- Desktop screenshot of macOS Golden Gate
- Developer: Apple
- OS family: Mac; Unix, based on Darwin (BSD);
- Working state: Current
- Source model: Closed, with open source components
- General availability: September 14, 2026; 13 days ago
- Latest release: 27.0 (September 14, 2026; 13 days ago) [±]
- Latest preview: 27.2 beta 2 (September 21, 2026; 6 days ago) [±]
- Update method: Software Update
- Supported platforms: ARM64 (Apple silicon)
- Kernel type: Hybrid (XNU)
- License: Proprietary software with open-source components and content licensed with APSL
- Preceded by: macOS Tahoe
- Official website: apple.com/os/macos
- Tagline: More personal. More refined.

Support status
- Supported

Articles in the series

= MacOS Golden Gate =

2026 operating system version

macOS Golden Gate (version 27) is the twenty-third major release of Apple's macOS operating system. The successor to macOS Tahoe, it was announced on June 8, 2026, at WWDC 2026, and it was released on September 14, 2026. It is the first version of macOS to run exclusively on Macs with Apple silicon and the last version with full Rosetta 2 functionality.

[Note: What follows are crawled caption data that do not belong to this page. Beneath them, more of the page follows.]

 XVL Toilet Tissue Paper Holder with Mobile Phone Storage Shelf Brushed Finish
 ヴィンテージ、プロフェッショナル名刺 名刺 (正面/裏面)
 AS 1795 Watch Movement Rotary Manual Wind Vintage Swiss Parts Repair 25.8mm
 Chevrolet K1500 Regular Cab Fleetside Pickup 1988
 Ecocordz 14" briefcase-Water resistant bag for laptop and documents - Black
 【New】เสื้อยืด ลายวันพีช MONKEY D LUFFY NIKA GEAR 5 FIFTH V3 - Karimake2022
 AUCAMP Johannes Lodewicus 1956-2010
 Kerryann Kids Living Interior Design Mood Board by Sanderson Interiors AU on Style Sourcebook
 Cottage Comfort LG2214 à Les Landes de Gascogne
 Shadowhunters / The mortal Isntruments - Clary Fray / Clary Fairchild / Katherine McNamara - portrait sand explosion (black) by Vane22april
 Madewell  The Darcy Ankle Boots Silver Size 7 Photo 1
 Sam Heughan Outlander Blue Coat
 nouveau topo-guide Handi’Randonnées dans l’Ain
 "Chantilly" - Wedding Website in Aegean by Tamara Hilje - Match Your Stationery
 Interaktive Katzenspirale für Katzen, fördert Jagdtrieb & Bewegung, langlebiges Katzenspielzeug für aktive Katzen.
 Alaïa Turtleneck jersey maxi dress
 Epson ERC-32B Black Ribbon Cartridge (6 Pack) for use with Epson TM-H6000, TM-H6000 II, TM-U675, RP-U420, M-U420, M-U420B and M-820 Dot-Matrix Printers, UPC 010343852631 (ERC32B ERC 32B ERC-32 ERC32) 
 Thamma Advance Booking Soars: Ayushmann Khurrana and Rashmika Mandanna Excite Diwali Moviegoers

It is named after the Golden Gate, a strait between the Presidio of San Francisco and the Marin Headlands, which connects the San Francisco Bay and the Pacific Ocean.

== Development ==
The development of the then-unnamed macOS 27 was confirmed by Apple at Worldwide Developers Conference (WWDC) 2025 during its Platforms State of the Union event when it outlined the conclusion of the Mac transition to Apple silicon. Apple stated that macOS 27 would drop support for Intel processors and be the last version with full Rosetta 2 functionality.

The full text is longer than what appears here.